Similarly mixed reviews were produced for the Commodore 64 version. On the high end, The Games Machine's Mark Caswell again lauded the game, scoring it at 89% and commenting that it was even more playable than the Amiga edition. Stewart C. Russell, writing for Amiga Computing, held the game in lower esteem with a 78% rating, subtracting points for the graphics in particular. Zzap!64 gave the port a rating of 80%, calling it "a well presented and addictive arcade-puzzle game" and feeling that the gameplay was somewhat easier than the Amiga version, which it gave a lower score of 72% for its difficulty and price. Paul Rand of Computer and Video Games also scored the Commodore 64 version at 80%, claiming that it was just as good as the Amiga version despite the reduced number of levels. He gave the same rating to the Atari ST version, noting that the only differences were "cosmetic", an assessment that Katai Hamza agreed with for his Atari ST review in The One. Hamza also looked at the MS-DOS version and claimed that the reduced graphics and sound "in no way serve[] to detriment the proceedings". Datormagazins Pontus Linberg, on the other hand, gave the Commodore 64 version 5 out of 10, the same as the magazine would give the Amiga version in its following issue. Anatol Locker of the German Power Play magazine felt that the Atari ST version was too easy and, despite its impressive graphics, borrowed too heavily from games such as Quedex, Puffy's Saga, and Rock 'n' Roll. His final verdict was 43%.

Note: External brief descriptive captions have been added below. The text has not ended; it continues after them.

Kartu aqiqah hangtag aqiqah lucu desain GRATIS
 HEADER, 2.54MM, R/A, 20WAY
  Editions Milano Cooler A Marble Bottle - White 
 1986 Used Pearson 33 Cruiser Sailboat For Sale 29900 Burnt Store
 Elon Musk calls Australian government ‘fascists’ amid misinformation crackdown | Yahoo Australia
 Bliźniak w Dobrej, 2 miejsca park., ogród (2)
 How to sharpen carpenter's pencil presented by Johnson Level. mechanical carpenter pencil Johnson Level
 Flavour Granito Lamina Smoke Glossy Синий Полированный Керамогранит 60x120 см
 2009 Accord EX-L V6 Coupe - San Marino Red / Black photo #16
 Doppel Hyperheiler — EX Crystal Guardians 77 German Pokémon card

Cloud Kingdoms was re-released for Amiga computers in mid-1991 by GBH at the budget price of £7.99. The One for Amiga Games, which had rated the game 78% upon its initial release, lowered its score for the re-release to 3 out of 5, but still admitted that it was "eminently playable and will keep you amused long enough to easily justify the price tag". The Amiga Format review was more negative, giving the game 56% after praising its aesthetic appeal but noting that its "strangely remote joystick response [...] makes a tough design harder to play than it really should be".